After repair value is the number every investor decision hangs on, and it is also the number most automation gets in trouble over. Automated ARV estimation works, but only if you are honest about what it is: a screening tool for ranking opportunities, not a substitute for the comp analysis an investor runs before writing an offer.
The Methodology That Works
A defensible automated ARV starts with recent sold comparables in the listing's immediate area, pulled from the same licensed MLS feed as the listing data. Filter to renovated or good-condition sales (the after-repair end of the market, which is the whole point), within a tight radius and a recent window, then adjust for square footage and bed and bath count. Median the adjusted values rather than averaging them, so one outlier flip does not skew the estimate. The output is a number with honest error bars: good enough to compute a spread against the current list price and rank today's flagged listings against each other.
Where It Breaks
Automated ARV breaks predictably in four places. Thin comp areas: rural markets or unusual properties where three weak comps masquerade as data. Condition blindness: the model cannot see that the subject needs a foundation, not paint, so the spread overstates the opportunity. Micro-market boundaries: a school district or flood zone line two streets away that a radius search ignores. And renovation quality variance: the gap between a rental-grade refresh and a designer flip can be 15 percent of value in the same zip code.

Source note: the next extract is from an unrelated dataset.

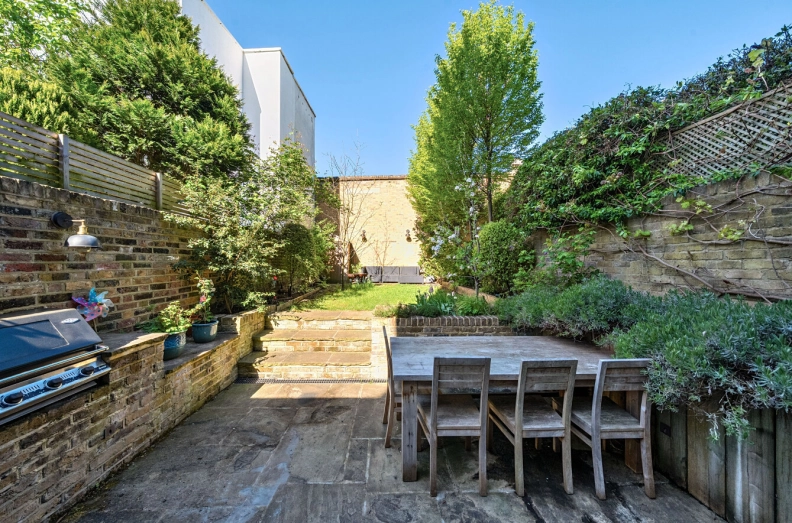 5 bedrooms houses to sale in Lupton Street, Kentish Town-image 25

The honest deployment is the one in our distressed property feed demo: the ARV feeds the distress score as one of four weighted factors, the digest labels it an estimate, and the disclaimer says directly what it is, an automated screening figure that the agent and their investor verify with their own comps and an inspection before any offer. Used that way, automated ARV does its real job: making sure the listing with a 38 percent spread ranks above the one with 8, every morning, across the whole market.